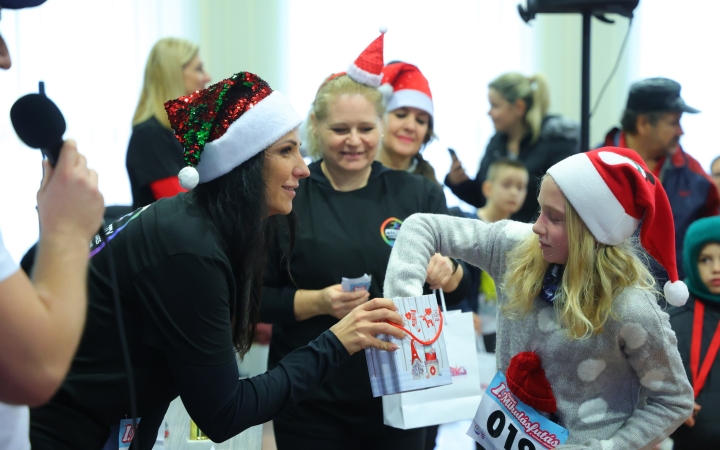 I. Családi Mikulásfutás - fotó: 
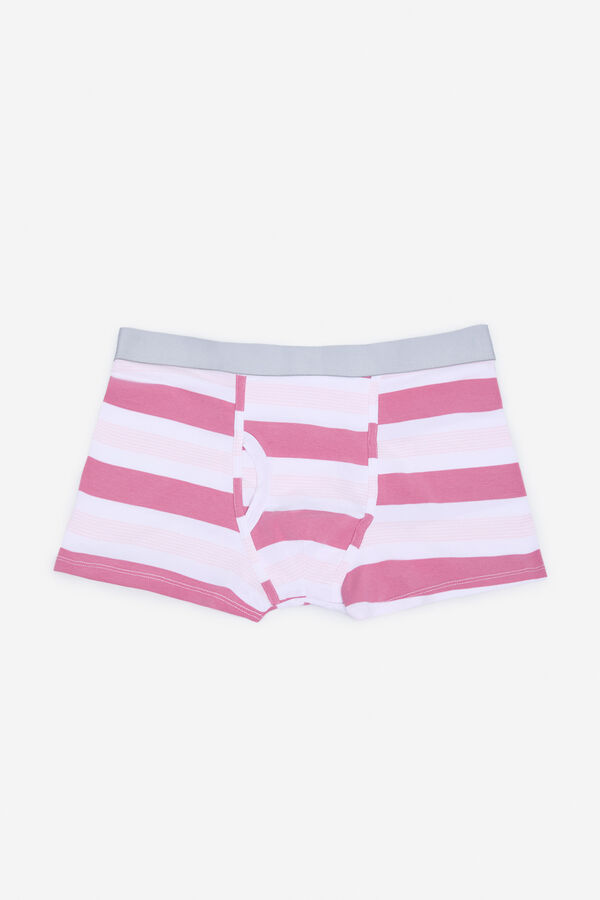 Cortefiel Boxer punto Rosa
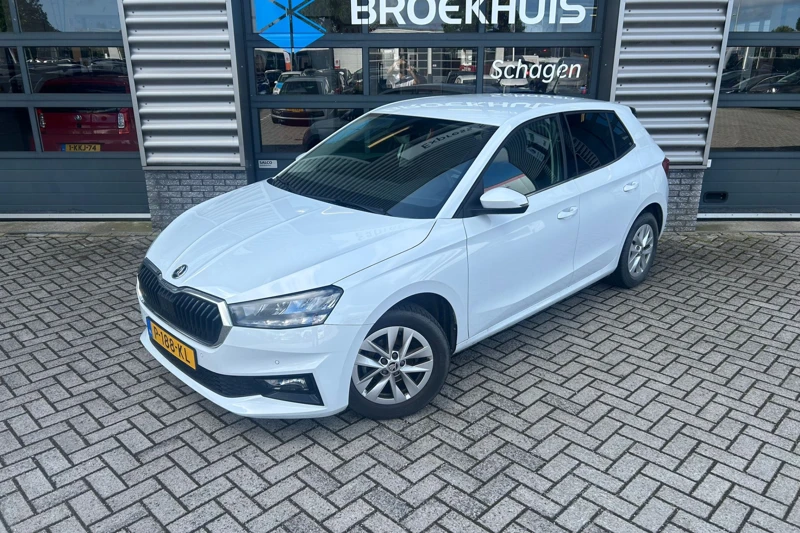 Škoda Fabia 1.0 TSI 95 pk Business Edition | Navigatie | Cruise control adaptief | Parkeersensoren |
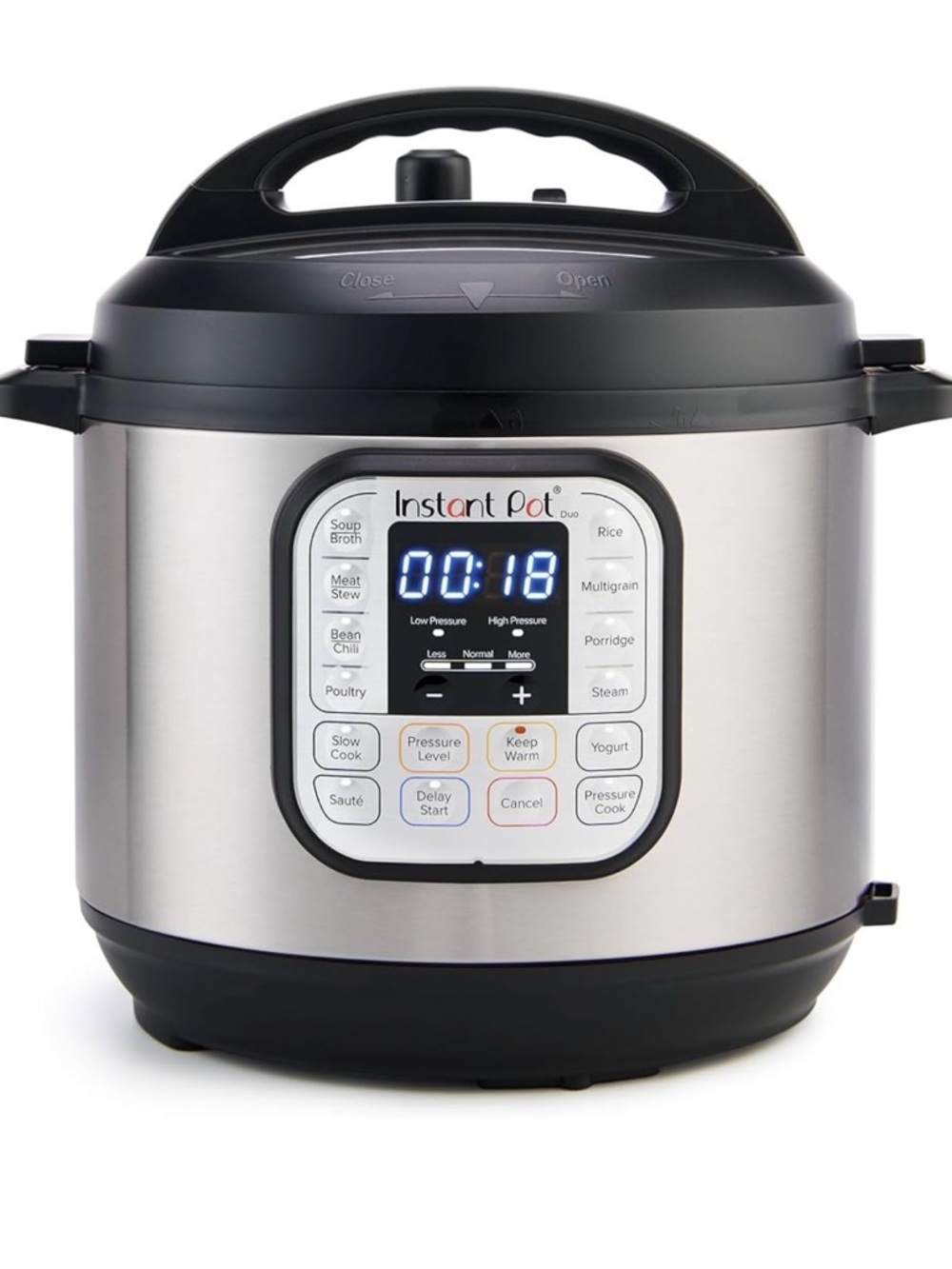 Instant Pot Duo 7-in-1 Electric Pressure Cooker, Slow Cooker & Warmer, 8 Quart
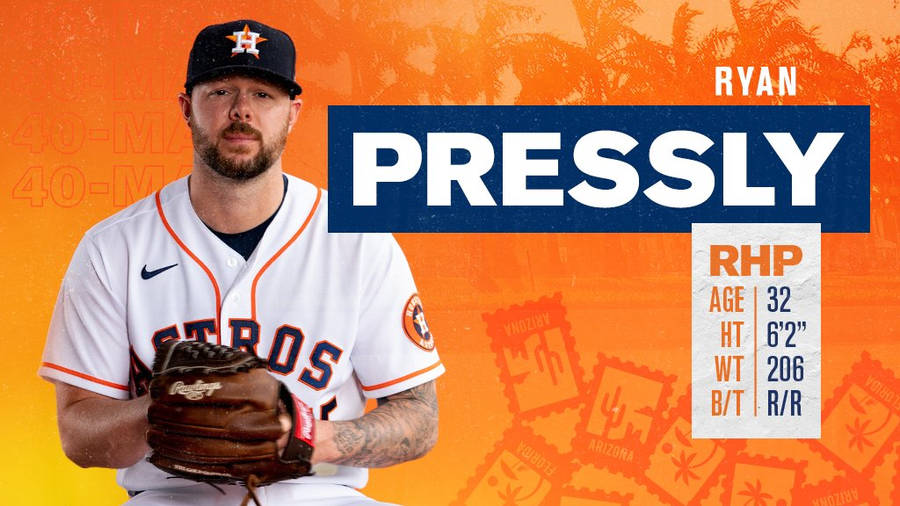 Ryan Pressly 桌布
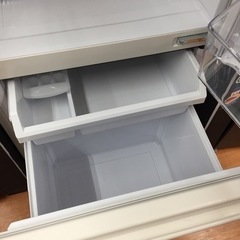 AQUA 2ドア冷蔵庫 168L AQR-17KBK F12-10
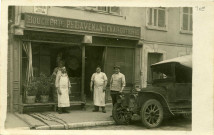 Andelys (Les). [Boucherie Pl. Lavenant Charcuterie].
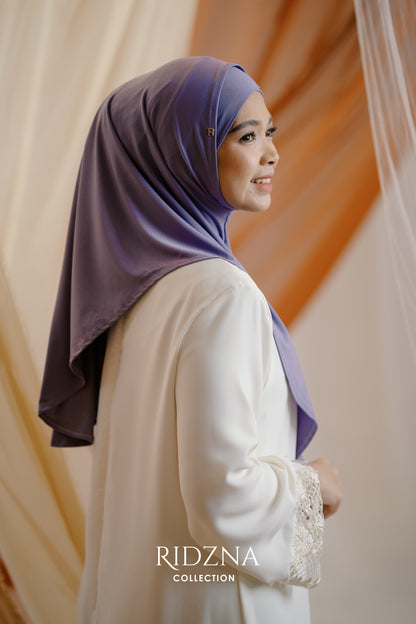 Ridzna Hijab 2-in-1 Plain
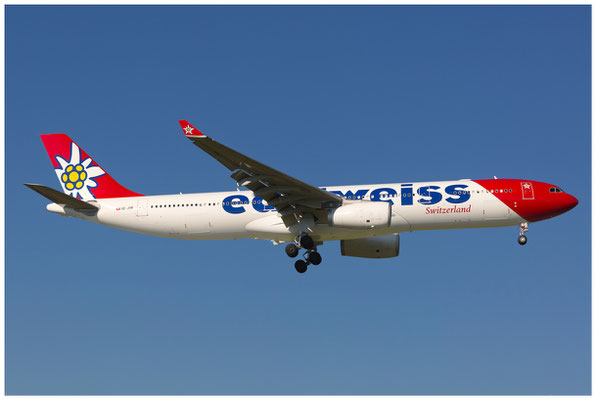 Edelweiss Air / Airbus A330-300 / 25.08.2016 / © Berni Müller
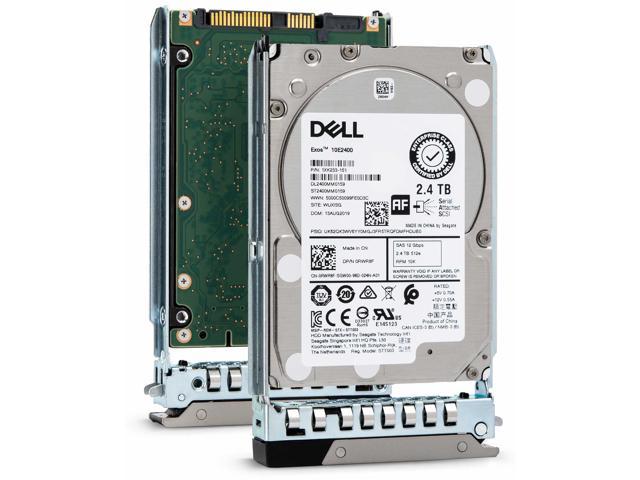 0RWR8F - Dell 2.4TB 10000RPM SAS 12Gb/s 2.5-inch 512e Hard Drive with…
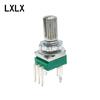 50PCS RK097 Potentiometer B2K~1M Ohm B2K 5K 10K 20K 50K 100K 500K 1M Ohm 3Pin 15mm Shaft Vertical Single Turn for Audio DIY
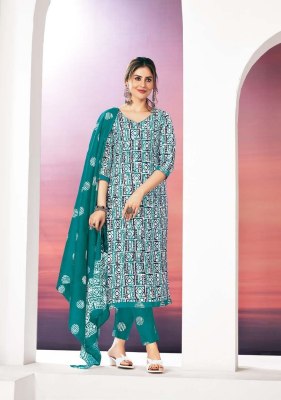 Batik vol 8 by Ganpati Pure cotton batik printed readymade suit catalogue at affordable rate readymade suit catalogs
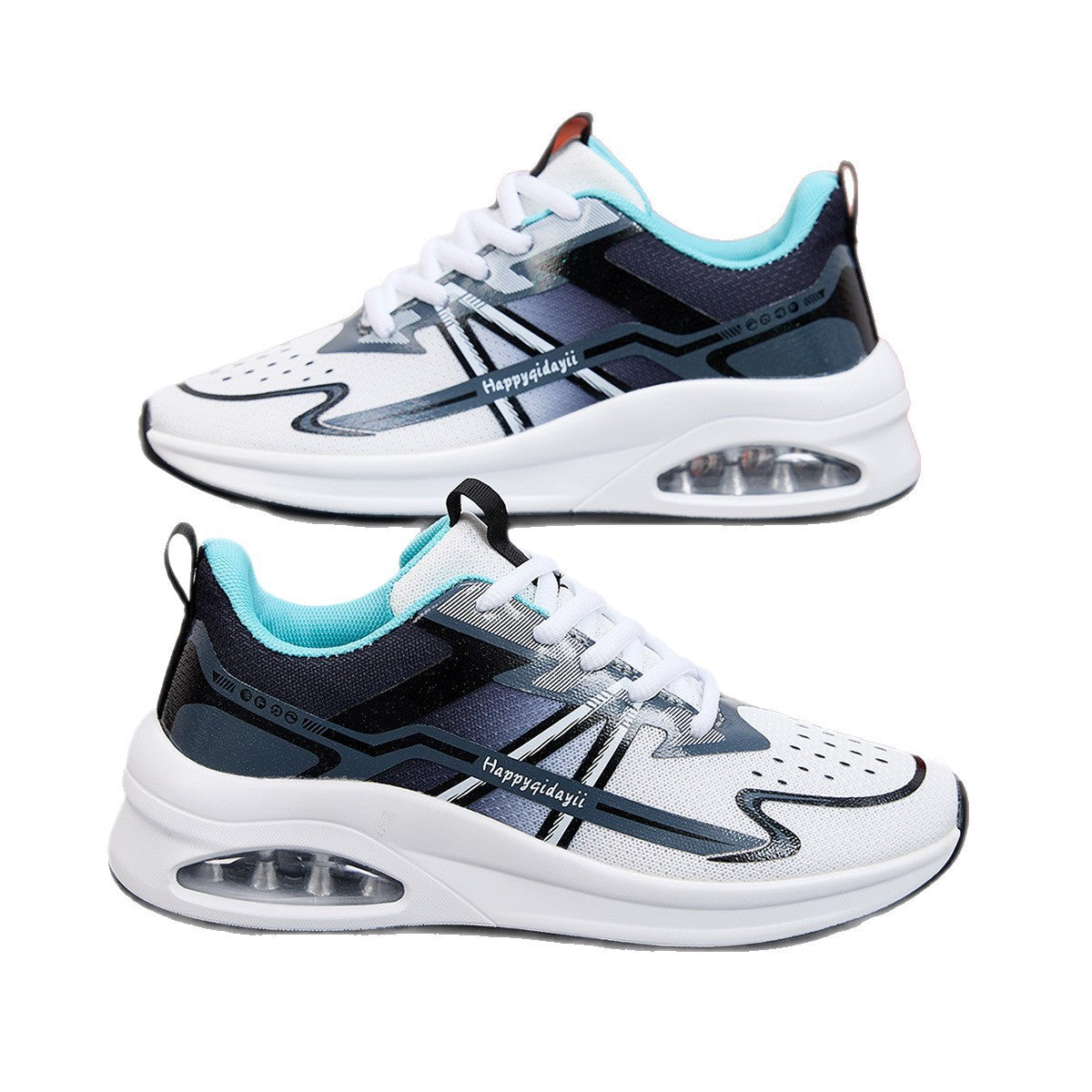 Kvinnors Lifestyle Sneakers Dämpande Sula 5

• **TASK DETAILS**
Each of the lines above should be transcribed exactly; no image is to be copied.

• **RESULT OF THE EXERCISE**
 I. Családi Mikulásfutás - fotó: 
 Cortefiel Boxer punto Rosa
 Škoda Fabia 1.0 TSI 95 pk Business Edition | Navigatie | Cruise control adaptief | Parkeersensoren |
 Instant Pot Duo 7-in-1 Electric Pressure Cooker, Slow Cooker & Warmer, 8 Quart
 Ryan Pressly 桌布
 AQUA 2ドア冷蔵庫 168L AQR-17KBK F12-10
 Andelys (Les). [Boucherie Pl. Lavenant Charcuterie].
 Ridzna Hijab 2-in-1 Plain
 Edelweiss Air / Airbus A330-300 / 25.08.2016 / © Berni Müller
 0RWR8F - Dell 2.4TB 10000RPM SAS 12Gb/s 2.5-inch 512e Hard Drive with…
 50PCS RK097 Potentiometer B2K~1M Ohm B2K 5K 10K 20K 50K 100K 500K 1M Ohm 3Pin 15mm Shaft Vertical Single Turn for Audio DIY
 Batik vol 8 by Ganpati Pure cotton batik printed readymade suit catalogue at affordable rate readymade suit catalogs
 Kvinnors Lifestyle Sneakers Dämpande Sula 5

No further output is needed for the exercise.